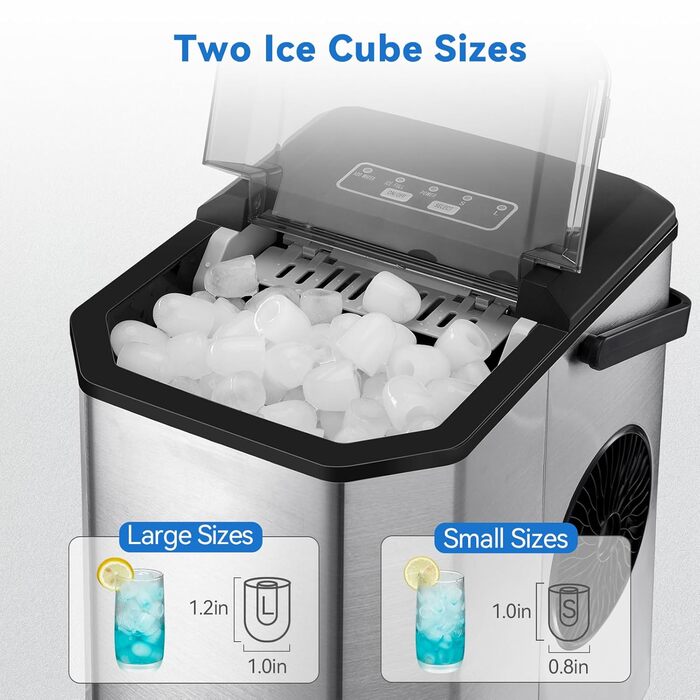 Льодогенератор Eiswürfelmaschine 120W, 9 кубиків за 6 хв, 11.8 кг/24 год, самоочищення, з лопаткою та кошиком для вечірок, офісу, бару, кемпера, 2.3 л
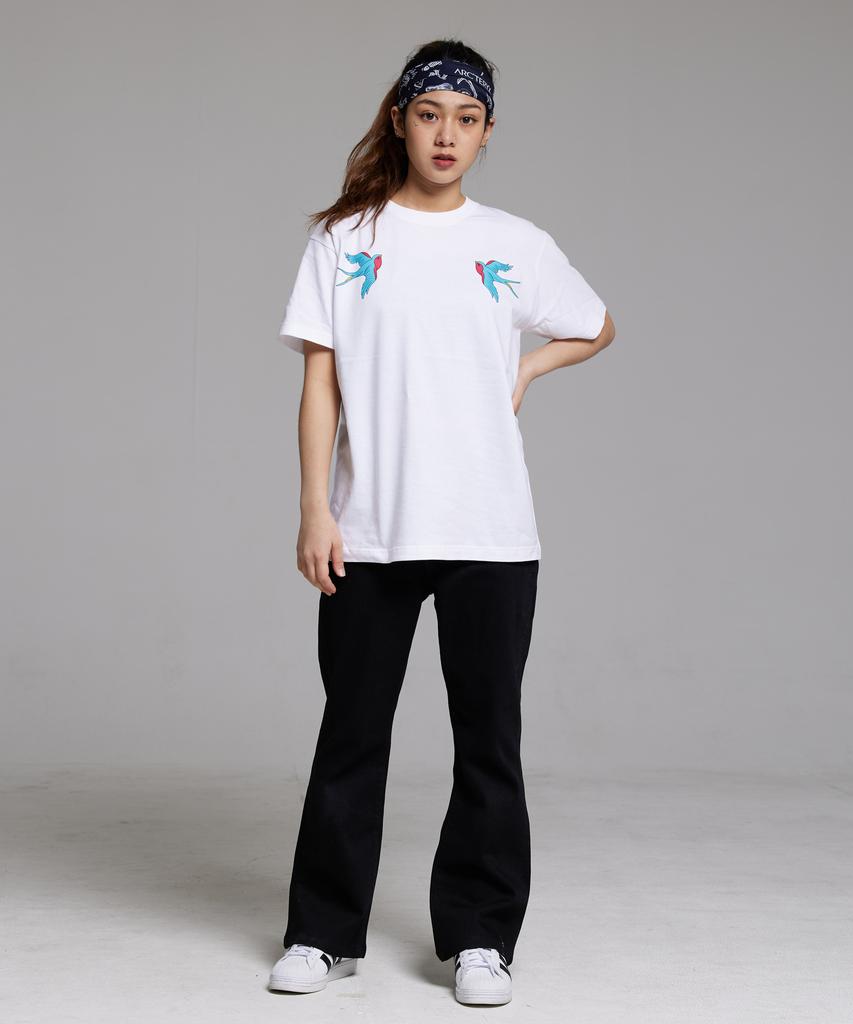 CREAM SODA LAB Swallow Twin Short Sleeve Tee White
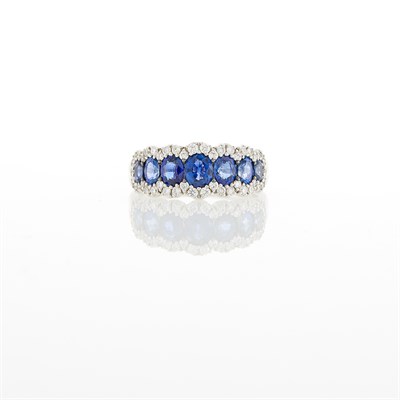 Lot 54 - White Gold, Sapphire and Diamond Band Ring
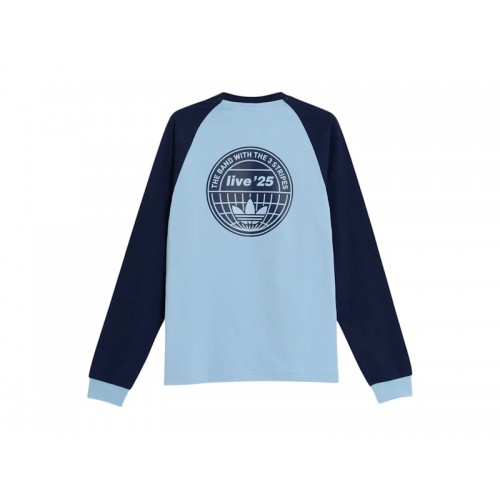 adidas x Oasis Tour 3-Stripes Longsleeve Tee Clear Sky/Night Indigo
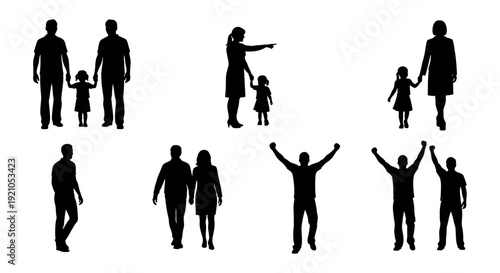 black silhouettes of diverse family units including same-sex parents with child couples and celebrating individuals on white
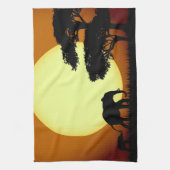 Linge De Cuisine Les éléphants Safari au coucher du soleil (Vertical)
------
Copy each of the entries above precisely, and drop whatever pictures they hold.

 Льодогенератор Eiswürfelmaschine 120W, 9 кубиків за 6 хв, 11.8 кг/24 год, самоочищення, з лопаткою та кошиком для вечірок, офісу, бару, кемпера, 2.3 л
 CREAM SODA LAB Swallow Twin Short Sleeve Tee White
 Lot 54 - White Gold, Sapphire and Diamond Band Ring
 adidas x Oasis Tour 3-Stripes Longsleeve Tee Clear Sky/Night Indigo
 black silhouettes of diverse family units including same-sex parents with child couples and celebrating individuals on white
 Linge De Cuisine Les éléphants Safari au coucher du soleil (Vertical)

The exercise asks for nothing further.